On a second viewing, Vincent E. Thomas’s extract from his full-length piece Witness, seems to have a more optimistic feel. Thomas is a hypnotic dancer, his stretching and balancing full of pause and consideration as well as surprising flicks and flourishes. His face twists and searches as he finds sound then speech from a soprano aria (a metaphor for finding one’s voice?), and his rapport with the crowd seems bouncier. Even the piece’s most mournful passage – a solo dance to an audience member – feels different when Thomas chooses a child to perform to rather than (as last time I saw it) another man.
But again it’s Scottish Ballet who ratchet up the drama, firstly in Eve Mutso’s arrestingly chic elEven. Her choreography is muscular and glamorous, geometric and soft. The startling contrast of her bent foot as she winches herself up onto pointe, with a soundtrack that makes static scrapes like cracking bones, puts beauty inside its brutal context. The piece is based on her 11 years of dancing with Scottish Ballet. When she kicks her shoes away to dance barefoot with guest artist Daniel Kirspuu, there is freedom but also the co-dependency of teamwork. Mutso is electric to watch in every performance she gives and without a doubt one of the company’s most exciting members; as a choreographer her work feels as sleek and modern as contemporary sculpture.
From the black-costumed elEven the bright, white, lighter than air Stabat Mater takes over, danced with fine precision to Vivaldi’s score of the same name. Inspired by a mother’s mourning, Constant Vigier choreographs fragile movement for Chloë Réveillon; at times she is swept into doll-mechanical grace, wiping her hand to her face as if to shift an imaginary glass tear, or effecting fine-lined turns.
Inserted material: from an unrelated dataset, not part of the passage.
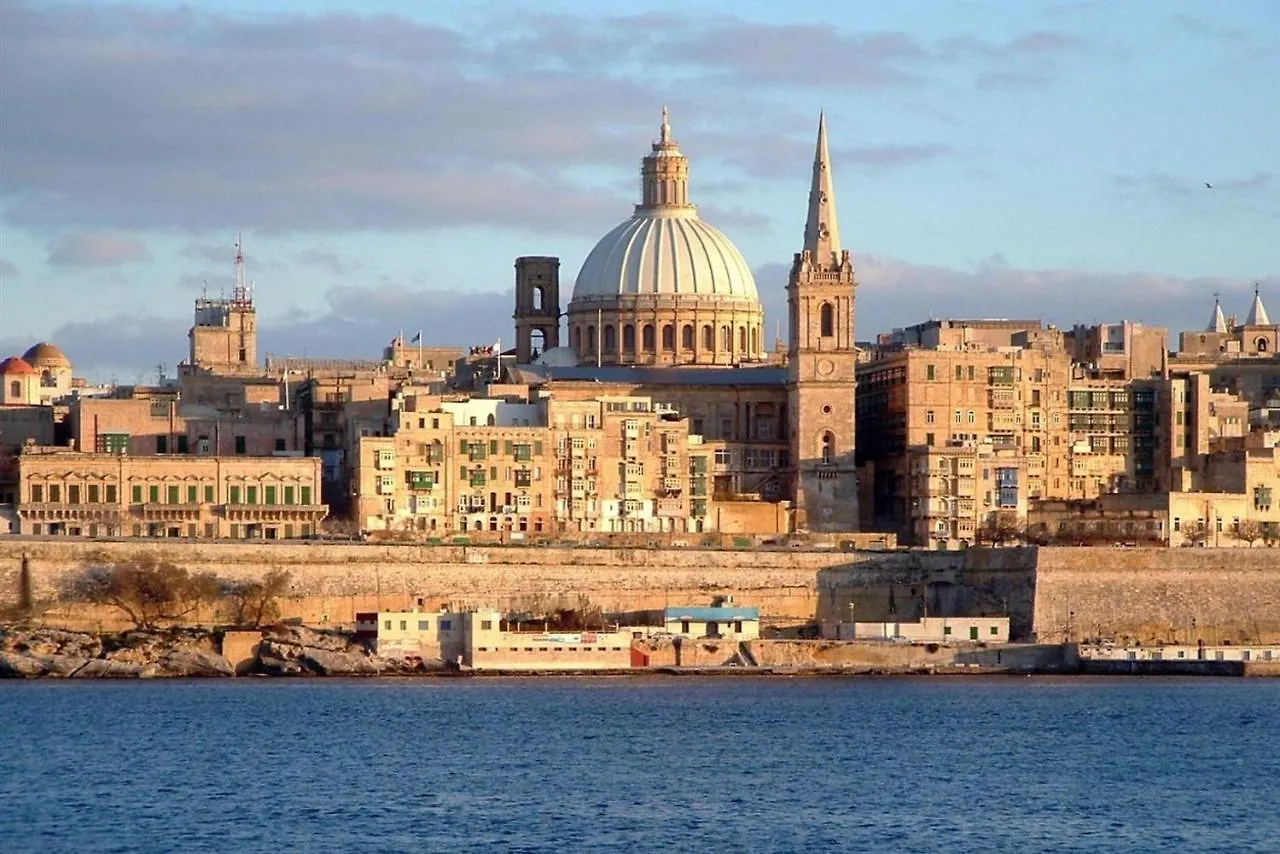 Super Luxury Apartment In Tigne Point, Amazing Sea Views Sliema Malta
Partnering Réveillon, Vigier’s response to the baroque intrigue of the music slips the pair into various moods, skirting around longing and support, never being so direct as to create narrative.
Seeing the details of contemporary ballet up so close in the Dance Base studio space brings an extra appreciation of the training that has made these bodies so eloquent when communicating.